Longtemps distancé (il faut remonter au 4 mars pour le retrouver en tête), le "oui" gagne cinq points par rapport à la précédente enquête, des 22 et 23 avril, tandis que le "non" recule dans les mêmes proportions.
Interrogés sur la fermeté de leur intention de vote, 66% des sondés affirment que leur choix est définitif. Parmi eux, 86% voteront "oui" et 80% "non". En revanche, 20% des personnes interrogées, se disant certaines d'aller voter, n'ont pas exprimé d'intention de vote, contre 26% en avril.

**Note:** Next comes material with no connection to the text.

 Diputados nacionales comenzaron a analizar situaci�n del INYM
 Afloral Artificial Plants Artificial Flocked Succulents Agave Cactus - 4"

Si 46% "souhaitent" la victoire du "oui" (contre 35% d'un avis contraire), 43% seulement la "pronostiquent" (contre 36% voyant plutôt la victoire du "non").
S'agissant des conséquences du référendum sur le traité constitutionnel, 43% affirment craindre une victoire du "non", tandis que 38% s'inquiètent d'un possible succès du "oui". Mais pour 51% des sondés, contre 32%, le "oui" incarne davantage le changement que le "non".
Quant aux événements de la semaine dernière qui ont pu influencer le choix des Français, l'intervention télévisée de Lionel Jospin a plutôt incité à voter "oui" (28% contre 26% pour le "non"), alors que le débat sur les importations de textile chinois a fait pencher la balance vers le "non" (49% contre 31% pour le "oui").
- sondage réalisé par téléphone les 29 et 30 avril auprès d'un échantillon de 960 personnes, représentatif de la population française inscrite sur les listes électorales, selon la méthode des quotas).